Auckland city limits need to grow, draft city plan says
Auckland city limits need to grow, draft city plan says
By Pattrick Smellie
March 23 (BusinessDesk) – Auckland will need at least 330,000 new dwellings and another 780 hectares of industrial and commercial land over the next 30 years, meaning it will need to expand its city limits even if it pursues a denser population within its existing boundaries.
That’s a key finding of the Auckland Plan discussion document, published by Auckland mayor Len Brown to coincide with today’s day-long “Auckland Unleashed” strategic planning symposium.

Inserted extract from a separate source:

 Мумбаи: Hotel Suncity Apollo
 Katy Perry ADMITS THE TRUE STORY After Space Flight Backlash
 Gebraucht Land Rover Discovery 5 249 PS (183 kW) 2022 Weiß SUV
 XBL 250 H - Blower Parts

“Auckland may need to transition itself to a new way of doing things and think of alternative growth options as it heads towards creating a quality compact city,” says the document, which appears to favour a continued intensification of the Auckland urban population, but with greater emphasis on provision of urban facilities and higher quality urban and housing design rules.
“One of these transitional options may be to allow for some future lands at the edge of the existing urban areas to be developed from scratch” and some consideration of more intensive development of coastal areas, because of their popularity as places to live.

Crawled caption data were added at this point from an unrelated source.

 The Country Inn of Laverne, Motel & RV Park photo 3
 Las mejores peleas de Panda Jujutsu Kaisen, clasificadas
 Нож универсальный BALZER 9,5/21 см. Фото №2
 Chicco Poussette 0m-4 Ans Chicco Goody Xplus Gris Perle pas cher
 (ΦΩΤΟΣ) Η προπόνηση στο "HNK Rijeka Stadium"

The plan suggests there are three key areas of opportunity to concentrate on developing Auckland, which coincide also with areas where the city limits might be allowed to expand. The document does not propose abandoning metropolitan urban limits altogether, as some government Ministers have appeared to propose.
Urban limits are seen to have pushed up urban land prices, making inner city living less affordable without achieving intensification goals.
The three key opportunity areas are identified in the north-west of the city, based roughly on the old Waitakere City boundaries, an “international city centre” opportunity based on the current Auckland central business district, and a southern opportunity area to the west of the main highway south, and around the international airport.
On top of this, the Plan proposes four areas of possible growth beyond the current Metropolitan Urban Limits (MUL) in South Auckland – one around the Takanini/Flat Bush area, and others spreading south and west along the southern coast of the Manukau Harbour, close to Papakura.
And for communities inside the existing MUL, the Plan proposes re-categorising as many as 74 currently identifiable population centres across the isthmus under categories including: emergent, market attractive, regeneration, rural village, satellite, and urban village.
It also strongly pushes greater investment in public transport, and suggests the city’s old tram routes – all built to avoid hills while serving major parts of the city – could be exploited again in planning new forms of public transport.